While the long lull between Heavensward’s release and the first major content patch finally arrived with us was, I feel, largely responsible for the fact that my former Free Company are no longer quite as obviously “active” (at least in public channels) as they used to be, Heavensward has, on the whole, been a great evolution of A Realm Reborn’s base, even introducing a number of brand new types of content to the mix, with my favourite being the new randomly generated Deep Dungeon.
Heavensward’s raid scene hasn’t appealed that much — I’m not really a fan of steampunk in general, and the narrative set up around Alexander was feeble and unmemorable compared to the majesty of Coil — but there’s still been plenty of stuff to do, and as we saw with the Live Letter yesterday, there will continue to be more and more stuff to do as we start the buildup to the second full expansion, set to be revealed for the first time in October.
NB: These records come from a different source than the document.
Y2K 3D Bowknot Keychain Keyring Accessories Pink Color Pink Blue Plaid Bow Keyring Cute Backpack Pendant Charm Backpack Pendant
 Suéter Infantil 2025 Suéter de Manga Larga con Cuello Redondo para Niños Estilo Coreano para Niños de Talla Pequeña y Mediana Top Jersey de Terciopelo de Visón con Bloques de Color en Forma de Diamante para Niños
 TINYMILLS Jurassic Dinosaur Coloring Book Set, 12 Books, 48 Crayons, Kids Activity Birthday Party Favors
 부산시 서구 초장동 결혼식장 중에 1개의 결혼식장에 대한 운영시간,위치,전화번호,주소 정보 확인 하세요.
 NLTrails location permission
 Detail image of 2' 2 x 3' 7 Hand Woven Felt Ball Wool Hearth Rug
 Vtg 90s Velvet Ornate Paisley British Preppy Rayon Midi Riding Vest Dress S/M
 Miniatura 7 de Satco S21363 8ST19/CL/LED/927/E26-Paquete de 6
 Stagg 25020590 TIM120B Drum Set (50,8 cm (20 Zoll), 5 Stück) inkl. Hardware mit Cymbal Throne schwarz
It’s not many games you can play almost continually for three years and still look upon fondly, but I guess anything you spend that much time in the company of eventually becomes something you really, truly can’t ever let go of.
It’s hard to get this across to people who haven’t been on the journey I’ve been on, and it probably won’t be quite the same for someone who starts right now, but I stand by my nomination of Final Fantasy XIV as my Game of the Year for 2013 over on USgamer, and given the number of hours I’ve played, it’s probably my GotY for 2014, 2015 and 2016 too.